## DESCRIPTION OF THE TASK
Beginning with the line containing "Modern Minimalist Abstract" and going on through the line containing "PSD een laptopmodel", the lines below are to be returned exactly, pictures excluded and nothing added.
Start of EXTRACTED MATERIAL
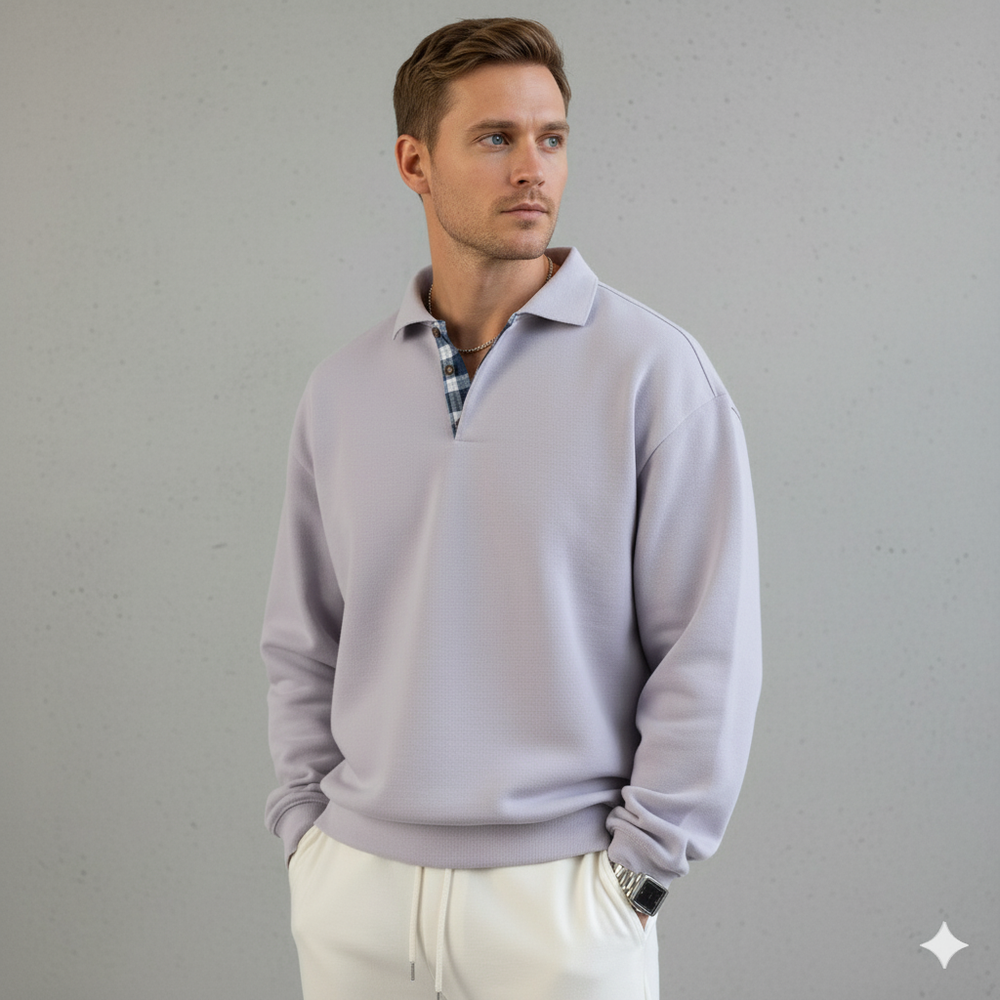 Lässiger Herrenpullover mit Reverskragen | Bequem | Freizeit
End of EXTRACTED MATERIAL
Start of EXTRACTED MATERIAL
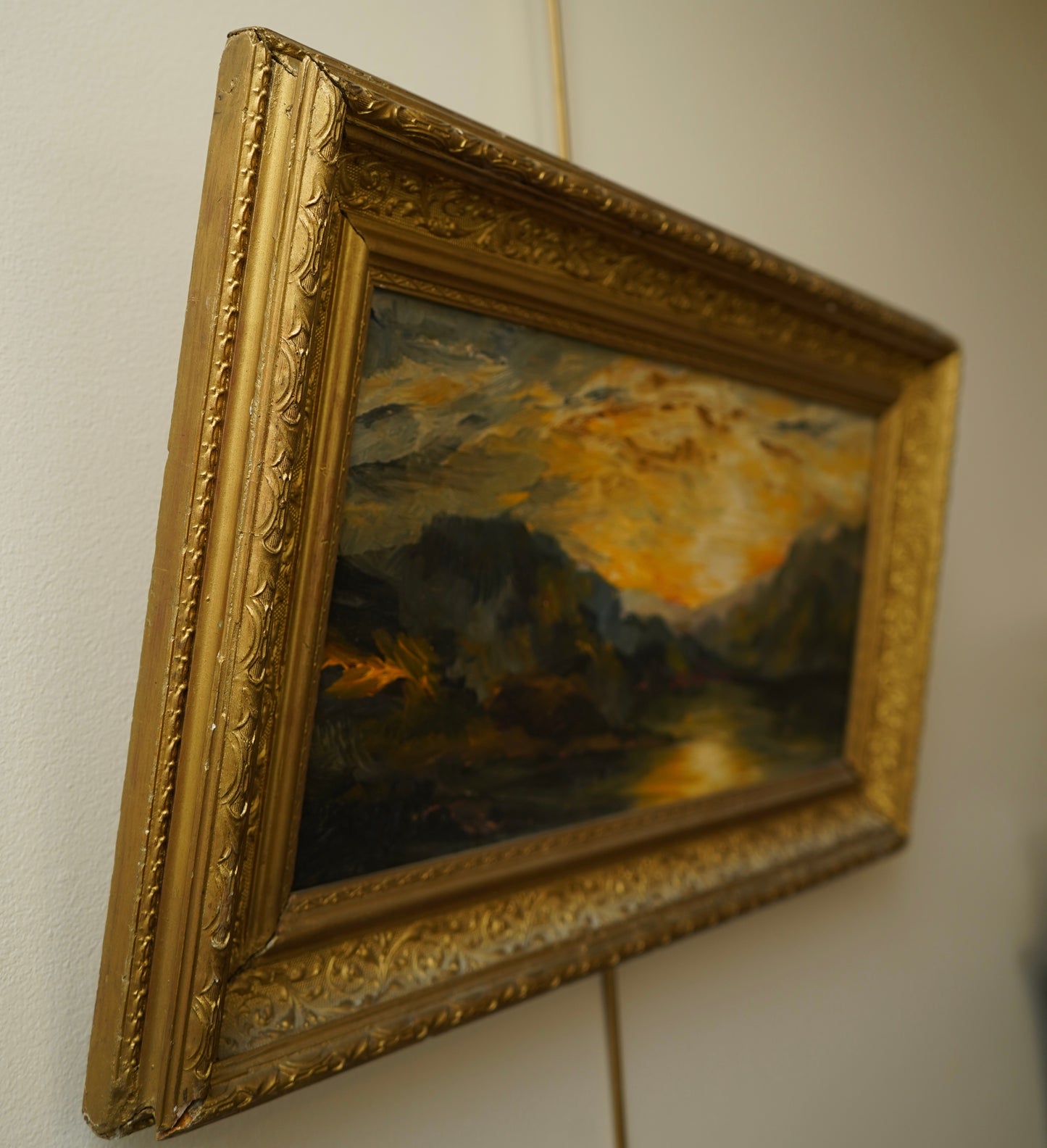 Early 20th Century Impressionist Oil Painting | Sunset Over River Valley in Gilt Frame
End of EXTRACTED MATERIAL
Start of EXTRACTED MATERIAL
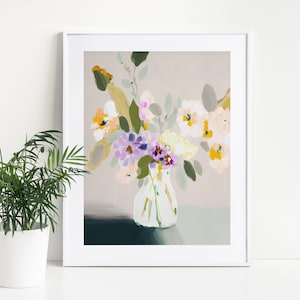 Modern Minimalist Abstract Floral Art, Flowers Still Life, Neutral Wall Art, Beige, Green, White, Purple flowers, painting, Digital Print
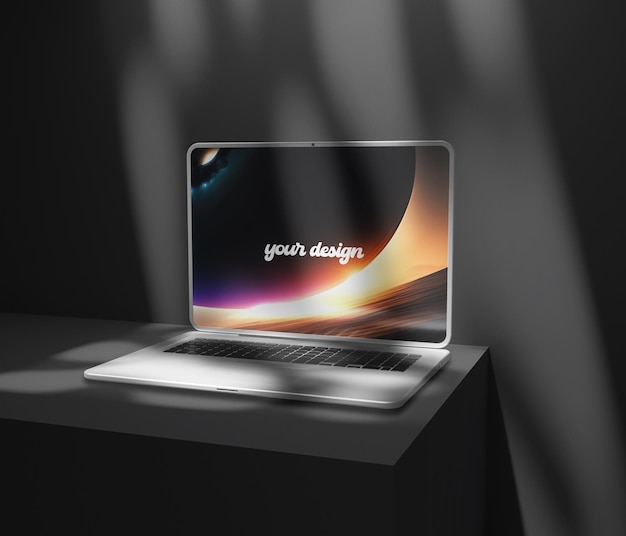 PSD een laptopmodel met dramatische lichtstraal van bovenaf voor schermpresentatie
End of EXTRACTED MATERIAL
## EXPECTED ANSWER
 Modern Minimalist Abstract Floral Art, Flowers Still Life, Neutral Wall Art, Beige, Green, White, Purple flowers, painting, Digital Print
 PSD een laptopmodel met dramatische lichtstraal van bovenaf voor schermpresentatie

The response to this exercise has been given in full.